▸ **Provided data**

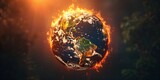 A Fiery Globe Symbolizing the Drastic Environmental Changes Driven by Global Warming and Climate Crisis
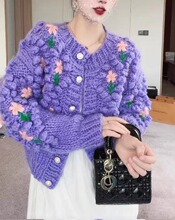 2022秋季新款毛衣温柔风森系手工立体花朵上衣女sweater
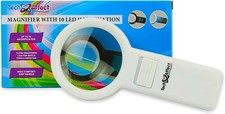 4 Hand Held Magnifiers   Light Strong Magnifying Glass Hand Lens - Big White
---
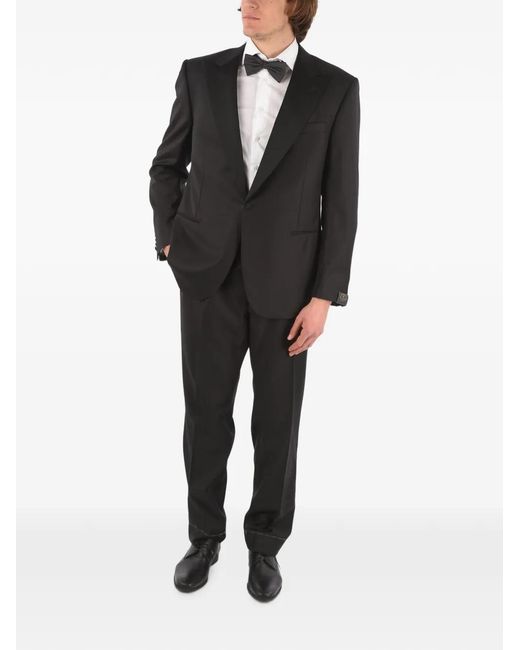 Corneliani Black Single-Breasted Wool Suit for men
...
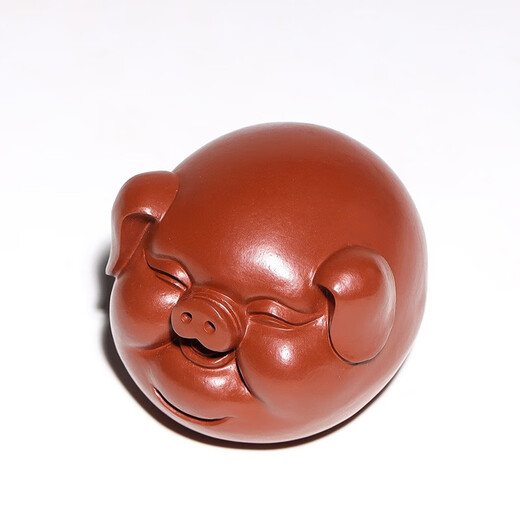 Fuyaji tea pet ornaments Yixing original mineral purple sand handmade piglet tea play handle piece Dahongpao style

▸ **Task instructions**
"A Fiery Globe" marks the first line to copy, and "4 Hand Held" marks the last. Repeat that stretch above exactly, with no pictures.

▸ **Task response**
 A Fiery Globe Symbolizing the Drastic Environmental Changes Driven by Global Warming and Climate Crisis
 2022秋季新款毛衣温柔风森系手工立体花朵上衣女sweater
 4 Hand Held Magnifiers   Light Strong Magnifying Glass Hand Lens - Big White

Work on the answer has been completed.